Web page caption snippets:
+--
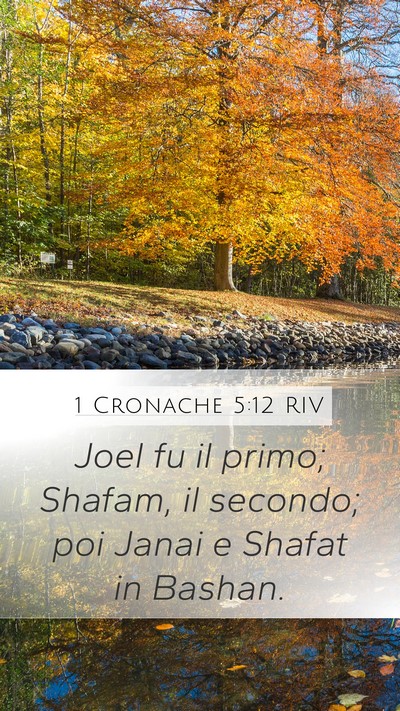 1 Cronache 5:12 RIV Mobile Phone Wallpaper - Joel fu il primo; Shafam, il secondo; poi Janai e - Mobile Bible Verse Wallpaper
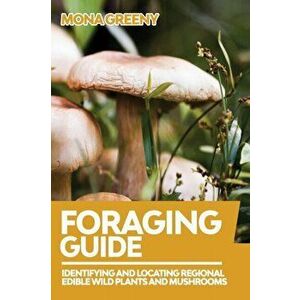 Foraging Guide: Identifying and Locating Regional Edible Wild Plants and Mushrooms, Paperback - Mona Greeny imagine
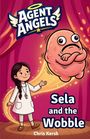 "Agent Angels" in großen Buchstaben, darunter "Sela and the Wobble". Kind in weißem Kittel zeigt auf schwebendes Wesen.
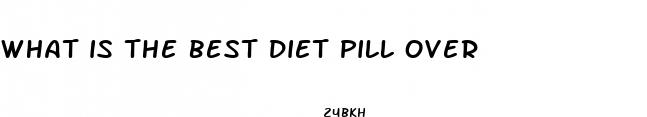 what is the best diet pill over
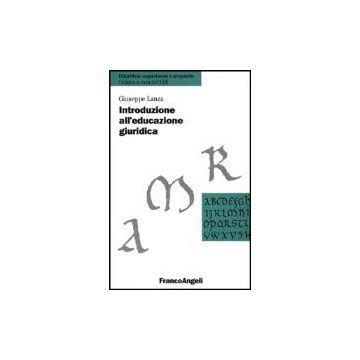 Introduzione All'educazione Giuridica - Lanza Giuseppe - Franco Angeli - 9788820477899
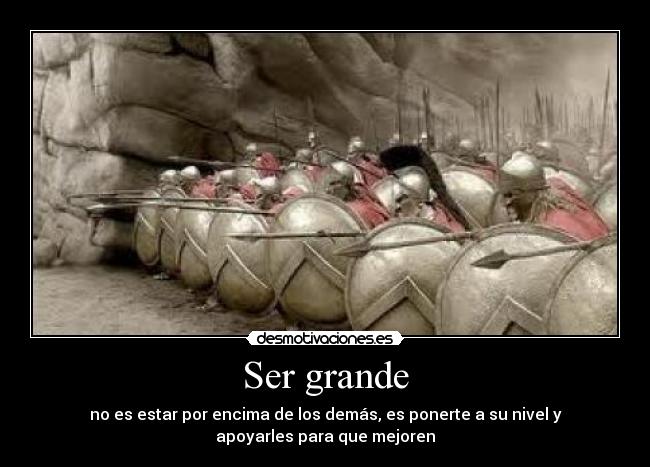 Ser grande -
+--
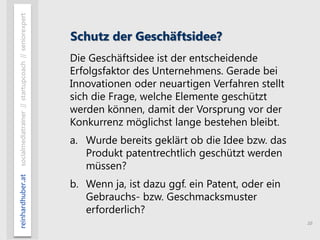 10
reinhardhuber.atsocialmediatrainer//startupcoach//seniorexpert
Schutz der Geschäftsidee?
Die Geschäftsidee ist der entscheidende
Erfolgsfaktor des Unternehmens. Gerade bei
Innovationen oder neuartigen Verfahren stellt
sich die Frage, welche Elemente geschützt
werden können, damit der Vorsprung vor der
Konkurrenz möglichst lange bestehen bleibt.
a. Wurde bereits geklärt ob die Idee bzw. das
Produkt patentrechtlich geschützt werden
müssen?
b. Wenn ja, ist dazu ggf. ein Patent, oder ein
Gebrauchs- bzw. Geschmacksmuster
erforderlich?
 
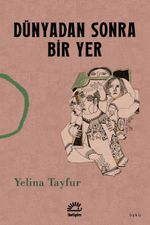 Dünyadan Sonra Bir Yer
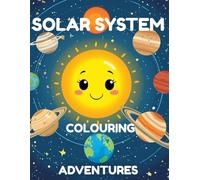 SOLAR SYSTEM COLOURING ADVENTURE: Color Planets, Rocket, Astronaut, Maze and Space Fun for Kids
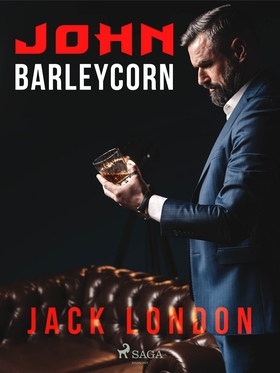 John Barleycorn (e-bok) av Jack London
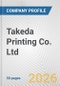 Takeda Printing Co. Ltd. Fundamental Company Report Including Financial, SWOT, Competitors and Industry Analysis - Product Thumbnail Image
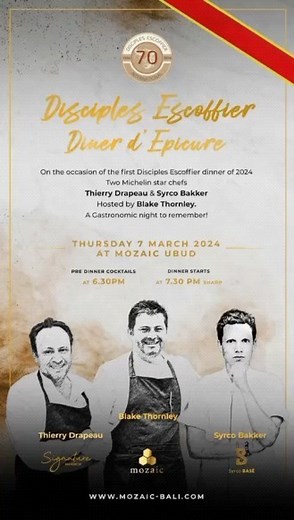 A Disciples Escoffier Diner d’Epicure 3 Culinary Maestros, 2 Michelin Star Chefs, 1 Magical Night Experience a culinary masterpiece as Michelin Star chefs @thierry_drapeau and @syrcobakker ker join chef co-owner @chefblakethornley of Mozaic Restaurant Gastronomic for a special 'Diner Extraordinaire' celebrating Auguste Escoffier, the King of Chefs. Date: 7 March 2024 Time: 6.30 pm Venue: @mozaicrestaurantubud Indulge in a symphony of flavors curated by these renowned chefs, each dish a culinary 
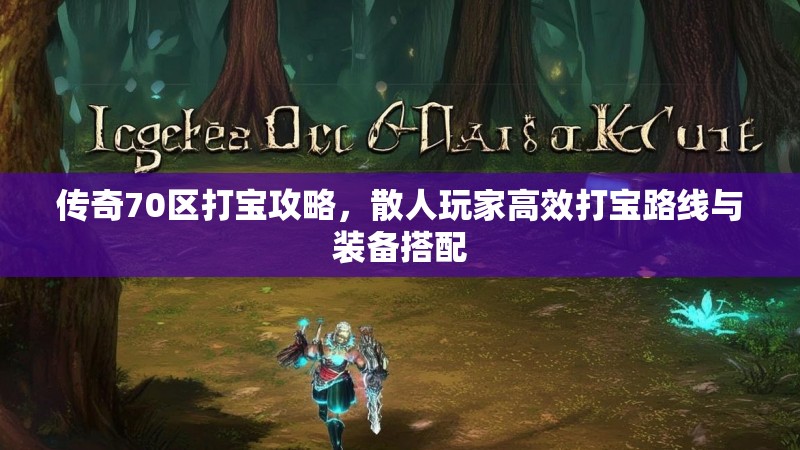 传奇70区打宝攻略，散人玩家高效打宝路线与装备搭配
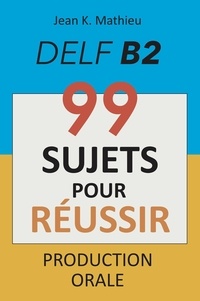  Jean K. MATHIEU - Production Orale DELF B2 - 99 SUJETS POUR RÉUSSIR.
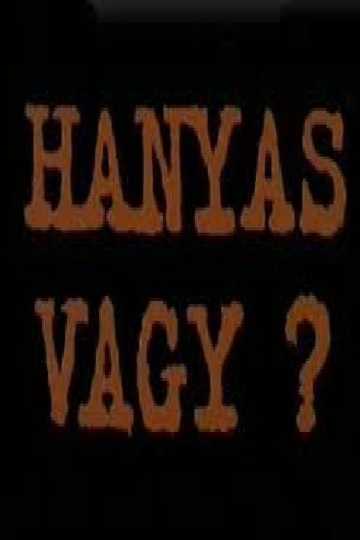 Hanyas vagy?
+--
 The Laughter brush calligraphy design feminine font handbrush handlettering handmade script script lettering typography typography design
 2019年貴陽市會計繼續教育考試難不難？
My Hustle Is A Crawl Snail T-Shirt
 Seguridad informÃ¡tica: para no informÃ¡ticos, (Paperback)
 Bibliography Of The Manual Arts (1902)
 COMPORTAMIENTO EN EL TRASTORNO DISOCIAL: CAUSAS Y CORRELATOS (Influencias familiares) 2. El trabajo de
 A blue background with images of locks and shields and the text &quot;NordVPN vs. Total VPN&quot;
+--
| The task |
Whatever pictures the records hold, omit them; give again exactly the lines from the one containing "1 Cronache 5:12" through the one containing "Foraging Guide: Identifying".

| Output of the exercise |
 1 Cronache 5:12 RIV Mobile Phone Wallpaper - Joel fu il primo; Shafam, il secondo; poi Janai e - Mobile Bible Verse Wallpaper
 Foraging Guide: Identifying and Locating Regional Edible Wild Plants and Mushrooms, Paperback - Mona Greeny imagine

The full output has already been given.